→ **Problem to work on**
Reproduce nothing but the lines from the one with "Columbia Glacier 2, 1978 AHAP Aerial USGS" down to the last line of the data below.

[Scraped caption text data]
───
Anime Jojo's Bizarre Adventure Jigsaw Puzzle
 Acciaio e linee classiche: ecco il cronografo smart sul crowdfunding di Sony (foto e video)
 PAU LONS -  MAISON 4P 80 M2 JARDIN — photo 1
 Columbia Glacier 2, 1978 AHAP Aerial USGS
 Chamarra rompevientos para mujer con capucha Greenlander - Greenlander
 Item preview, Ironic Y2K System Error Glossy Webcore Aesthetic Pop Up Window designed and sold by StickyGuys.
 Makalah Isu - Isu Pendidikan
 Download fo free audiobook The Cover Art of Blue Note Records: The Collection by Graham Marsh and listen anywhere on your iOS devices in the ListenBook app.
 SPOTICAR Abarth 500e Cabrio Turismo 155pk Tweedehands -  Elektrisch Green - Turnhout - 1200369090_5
───
→ **Answer below**
 Columbia Glacier 2, 1978 AHAP Aerial USGS
 Chamarra rompevientos para mujer con capucha Greenlander - Greenlander
 Item preview, Ironic Y2K System Error Glossy Webcore Aesthetic Pop Up Window designed and sold by StickyGuys.
 Makalah Isu - Isu Pendidikan
 Download fo free audiobook The Cover Art of Blue Note Records: The Collection by Graham Marsh and listen anywhere on your iOS devices in the ListenBook app.
 SPOTICAR Abarth 500e Cabrio Turismo 155pk Tweedehands -  Elektrisch Green - Turnhout - 1200369090_5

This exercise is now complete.